NCPA - National Center for Policy Analysis

Health Savings Accounts Arrive

January 5, 2004

Beginning Jan. 1, 2004, 250 million nonelderly Americans have the right to have a tax-free Health Savings Account. HSAs allow individuals and their employers to make deposits each year equal to their health insurance deductible. The funds will grow tax free and people may use them for expenses not covered by insurance, insurance premiums between jobs and health expenses during retirement.

  • The new law gives deposits to HSAs the same tax advantages now granted only to health-insurance premiums.
  • It will allow individual self-insurance and third-party insurance to compete against each other on a level playing field by allowing individuals to control some of their own health-care dollars without a tax penalty.
  • And, for the first time, it will allow a rational approach to the difficult social problem of how to allocate scarce dollars between health care and other goods and services.

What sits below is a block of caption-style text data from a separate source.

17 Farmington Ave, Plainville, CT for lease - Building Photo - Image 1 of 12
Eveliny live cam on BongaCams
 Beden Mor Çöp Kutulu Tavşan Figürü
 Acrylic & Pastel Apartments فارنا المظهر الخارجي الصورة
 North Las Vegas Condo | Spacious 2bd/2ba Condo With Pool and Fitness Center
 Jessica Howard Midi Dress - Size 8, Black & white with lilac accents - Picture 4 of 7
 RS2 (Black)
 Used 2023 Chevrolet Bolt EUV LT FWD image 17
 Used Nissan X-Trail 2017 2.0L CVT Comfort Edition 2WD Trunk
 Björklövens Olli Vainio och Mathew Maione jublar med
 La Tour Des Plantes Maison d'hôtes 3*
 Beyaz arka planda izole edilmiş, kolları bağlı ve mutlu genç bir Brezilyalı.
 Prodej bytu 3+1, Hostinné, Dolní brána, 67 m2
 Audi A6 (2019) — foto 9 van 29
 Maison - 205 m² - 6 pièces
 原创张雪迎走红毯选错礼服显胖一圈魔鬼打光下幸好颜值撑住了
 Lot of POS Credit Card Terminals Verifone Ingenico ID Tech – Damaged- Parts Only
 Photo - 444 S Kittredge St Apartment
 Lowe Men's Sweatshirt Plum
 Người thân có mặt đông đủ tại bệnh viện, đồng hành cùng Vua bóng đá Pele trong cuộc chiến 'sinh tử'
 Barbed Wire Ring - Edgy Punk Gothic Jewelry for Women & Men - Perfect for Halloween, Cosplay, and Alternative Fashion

Since 1996, a pilot program has made Medical Savings Accounts available to small businesses and the self-employed. But because there have been so many restrictions, only about 70,000 people have these accounts. A Treasury ruling a year and a half ago allowed large companies to establish Health Reimbursement Arrangements, and at last count, 1.5 million employees had enrolled. But these accounts are also unreasonably restricted.

The new law is not perfect, but the new age of consumer-driven health care will be a vast improvement over what we have had.